Comment by flxible — 25 June 2010 @ 8:24 AM
In all this time I never noticed our IT guy messed that up. I wonder how many other e-mails never got delivered? You’re needing a dash twixt the i and the d.
Cheers
ccpo says
It might indeed be pretty easy to generate a few tenths of an topsoil in your backyard of 1/4 acre. However, tell me how you are going to create the will and organization to do this over the whole earth (10’s of millions of square miles) including in places like the Sahara where there is no topsoil at all. More likely, deforestation and increased droughts are going to further diminish the world’s topsoil.
Comment by Jerry — 25 June 2010 @ 3:34 PM
OK: http://www.youtube.com/watch?v=sohI6vnWZmk
Cheers
Kurt T. Francis says
gilles (Comment # 26), you wrote, in part, “. . . whereas I haven’t yet seen any proposal that it could be caused by the melting of northern sea ice (because only northern would matter, but not southern, of course).”
It’s the parenthetical statement that caught my eye, since it clearly implies an event in the northern seas affect the situation only in northern climes, and, by logical extension, that any melting of southern sea ice affects only the southern seas.
I don’t see how that’s possible. In a light (as opposed to sarcastic) way, let me point out there’s no “Great Wall of the Equator” that would prevent northern and southern waters from mutually affecting each other. After all, if we take a pan that’s a meter by a meter and place it astride the equator, with half in the northern hemisphere and the other half in the southern hemisphere, then place a block of ice in one end, assuming the air temperature is above freezing, the ice will melt sooner or later — and the resulting water will be uniformly distributed across the entire bottom of the pan, not confined to the end in which the ice block was originally placed.
I keep thinking I must be misreading your comment, but if so, I can’t figure out where.
Anyway, I left somewhat confused.
Gilles says
Kurt, I never meant that there was a Great Wall all around the equator that would prevent southern hemisphere from communicating with northern one. if there is a wall, it’s only in front of the eyes of mass media who tend to look only at Arctic ocean or sometimes antarctic peninsula…. the whole sea ice extent is almost perfectly steady on average. But actually I don’t think most people’s life is influenced by that.
greg keeley says
An interesting article in recent AIG News [newsletter of the Australian Institute of Geoscientists] re submarine volcanic contribution to total CO2 and difficulty involved in distinguishing anthropogenic CO2 from CO2 from other sources.

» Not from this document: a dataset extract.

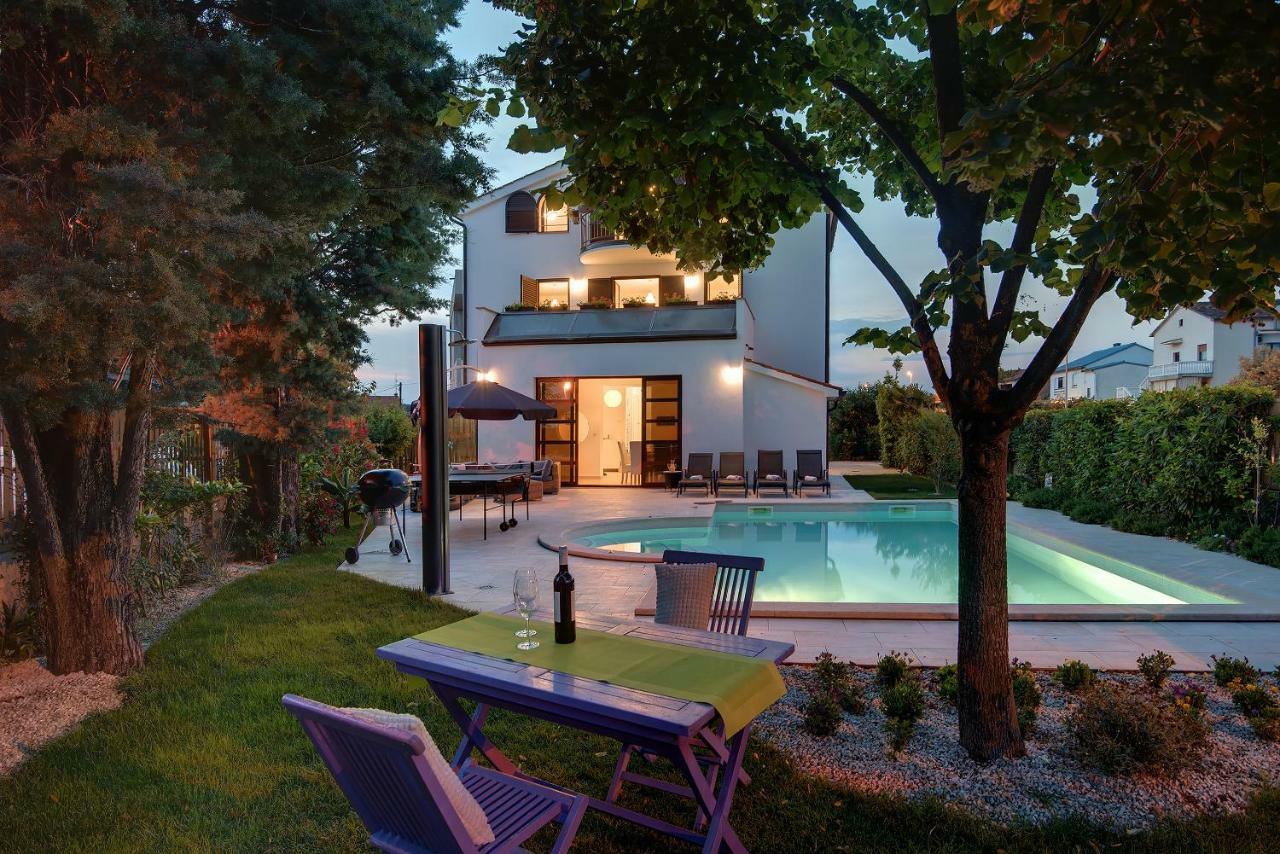 Villa Andrija Family Dream With Heated Pool At The Sea With Beautiful Garden, Outside Cinema And Kids Playground Fažana Esterno foto
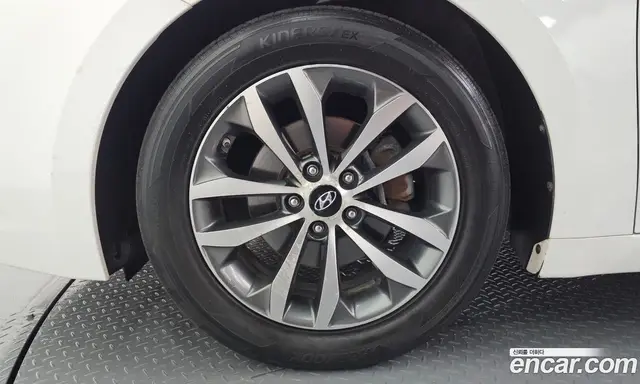 Hyundai Grandeur 2011 3.0 автомат (гидро), миниатюра 4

see..http://aig.org.au/assets/368/2010-03_AIG_News_100.pdf
pp8-16
Be interested in comments.
[Response: Mostly nonsense I’m afraid. Volcanic CO2 is distinguishable from fossil fuel CO2 by virtue of the d13C isotopic ratio (fossil fuel or biospheric carbon is more depleted in 13C), and the reduction in O2 indicates that the extra CO2 is being oxidised in the atmosphere, not in the mantle. I would class this article at the Plimerian level. – gavin]
Marco says
@Gavin (and Greg Keeley):
You may have noted that Plimer and Wishart are quoted, which doesn’t do much good to its credibility. But who cares if volcanoes in reality do emit more CO2? The human emissions are *still* the main cause of atmospheric rise in CO2. And that’s simple accounting: the net increase is smaller than our human input, meaning that everything non-anthropogenic combined is a net sink.
And there’s another accounting issue: if certain non-anthropogenic emissions are the main cause of atmospheric rise, this would mean there is a non-anthropogenic net sink that takes up more than 80% of anthropogenic emissions. Almost by necessity, that sink should also take up 80% of those net non-anthropogenic emitters. Combined this means there should be a sink somewhere that takes up something like 10 Gt/C a year (rough guestimate, may be more). Well, can anyone please point out that sink? The biosphere? I think we would have noticed if the biosphere increased by that much just about every year. The oceans? We should be able to measure changes in carbonate content with such huge numbers.